*. An early short by Denis Villeneuve, before his career took of with a string of critical hits (Incendies, Prisoners, Enemy, Sicario, Arrival, Blade Runner 2049). Of his later work only Enemy strikes me as a work of real genius, though I’ll admit he has a unique look, which is something that isn’t easy to achieve in the current environment, especially directing SF-Fantasy fare.
*. The set-up is pure allegory. A table full of society types are stuffing their faces full of exotic dishes. Then, when they grow too heavy, they crash through the floor to the next level of the empty building they’re in, table and all. The maitre d’ calls in “next floor” and the waiters and musicians and other attendants scramble downstairs to set things up again. But the same cartoon descent is repeated over and over.
*. The colours and the appearance of the food recalls nothing so much as the painting “The Gross Clinic” by Thomas Eakins. But while repellent, most of the entrées do look edible. It’s just that they’re grotesquely supersized and the way the diners are eating is made to seem even more disgusting than the sight of people eating normally looks. The assembled guests are an off-putting bunch as well, even before they’re turned into statuary by the accumulating plaster of their violent relocations. Clearly we’re meant to be on the side of the hired help, at least until the final shot.
*. The allegory I mentioned is pretty clear. We’re in Buñuel territory here, with a modern retelling of The Exterminating Angel. The diners are the haute bourgeoisie, or capitalists more generally, and they are literally digging their own graves in the abandoned building. Yes, the system is collapsing due to its own contradictions. The most glaring contradiction being that they are eating themselves out of house and home: consuming to such excess (not just in terms of the volume of the food they’re served, but the endangered species on the menu) that it all becomes a suicidal race to the bottom.

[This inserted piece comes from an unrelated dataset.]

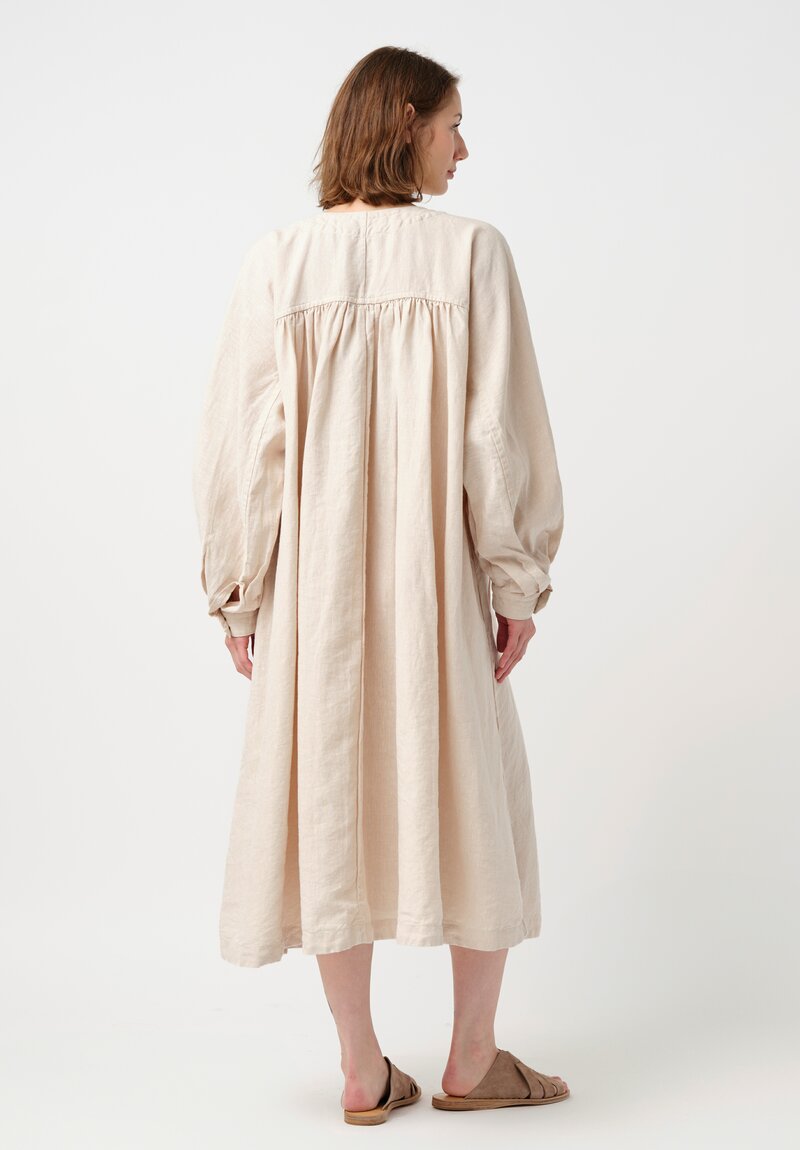 Kaval Washi & Linen Bishop Sleeve Coat Dress in Natural Oat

*. Growing social inequality has led to a unsustainable state of affairs, but what happens isn’t revolution. The waiters aren’t rising up against the diners here. Instead they are content to continue playing their part, giving the upper classes enough rope (or food) to hang themselves. That this is deliberate is indicated by the cold eye the maitre d’ casts on the serial catastrophe. He knows what’s going on, and is prepared to let it happen.
*. I’m not sure how political such a message is. Are the lower classes to remain passive and simply allow their social superiors to destroy themselves? This question is made more complicated by the accusatory glare of the maitre d’ that the film ends with. For me this asks “Whose side are you on?” And which side is really worse? Is it better to be an enabler than to be one of the destroyers? Isn’t an enabler a destroyer too? Questions very much for our time.